WHAT IS BEING ASKED: Line for line, return the data exactly, omitting all pictures.

MATERIAL PROVIDED:

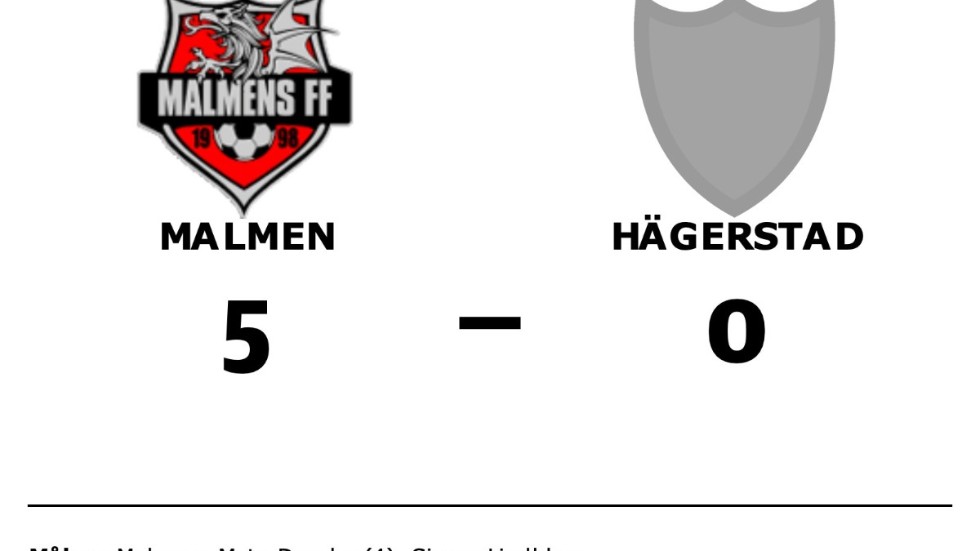 Malmens FF vann mot Hägerstads IF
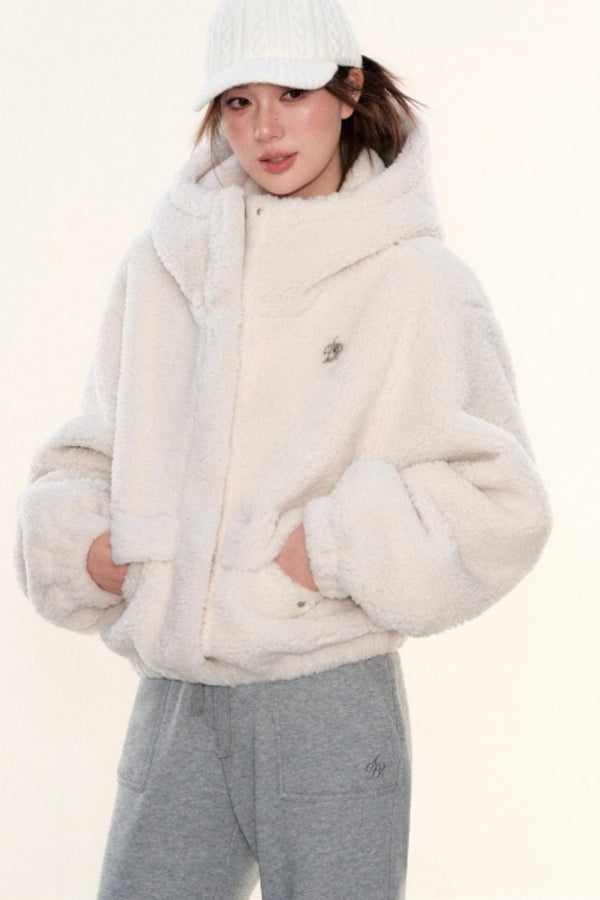 Fleece Hooded Work Jacket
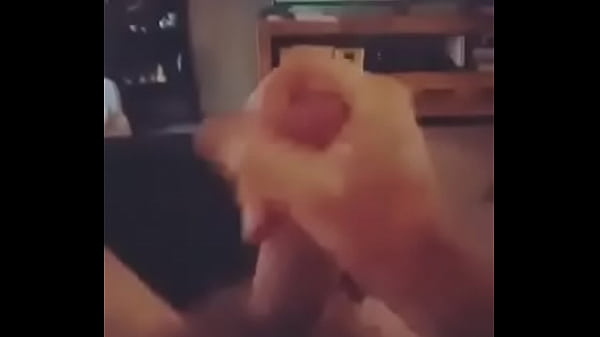 Mastabate Grosse Bite Jusqu'à Gros Plan Éjaculation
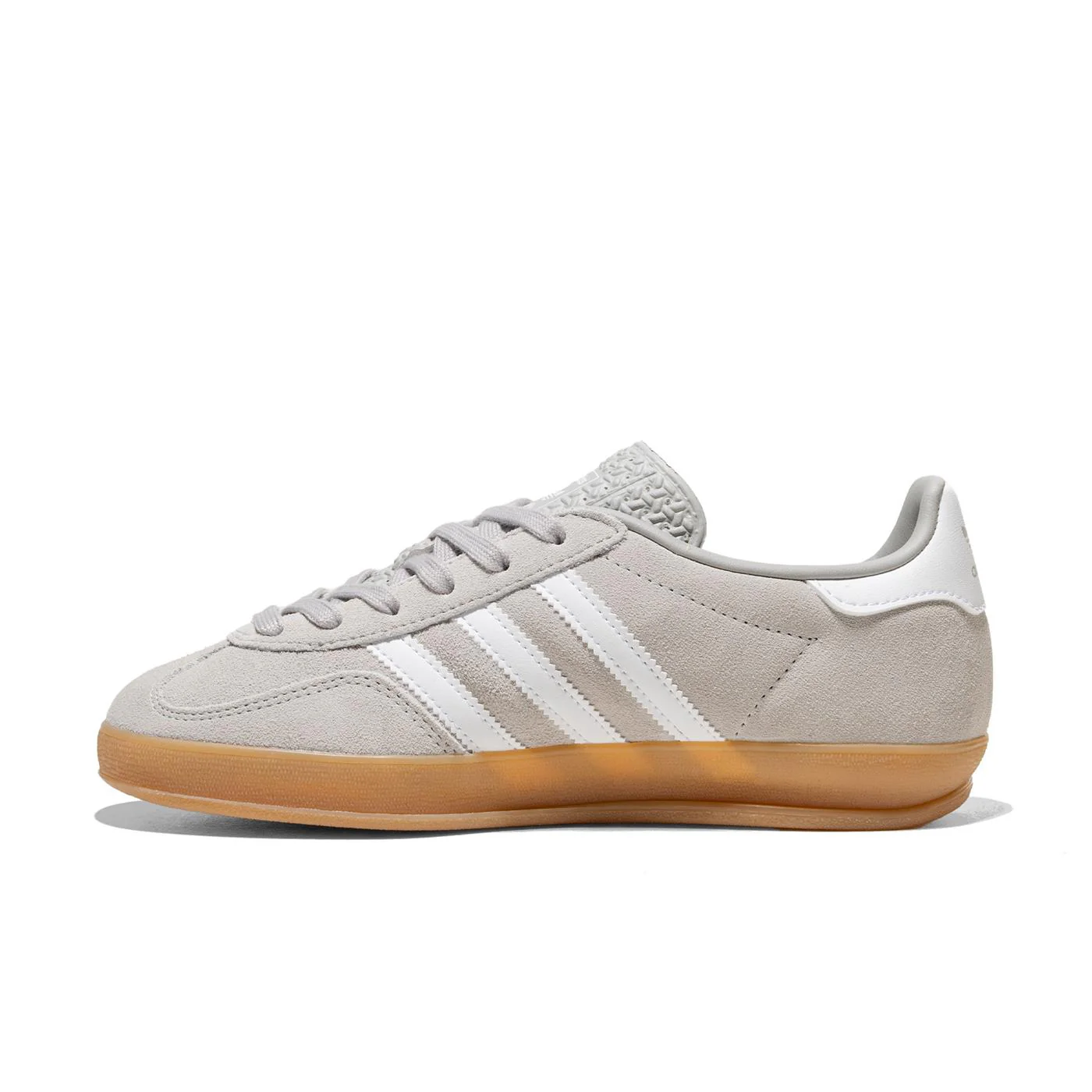 Adidas Originals Gazelle Indoor Grey Two/Ftwr White/Gold - Image 3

ANSWER BELOW:
 Malmens FF vann mot Hägerstads IF
 Fleece Hooded Work Jacket
 Mastabate Grosse Bite Jusqu'à Gros Plan Éjaculation
 Adidas Originals Gazelle Indoor Grey Two/Ftwr White/Gold - Image 3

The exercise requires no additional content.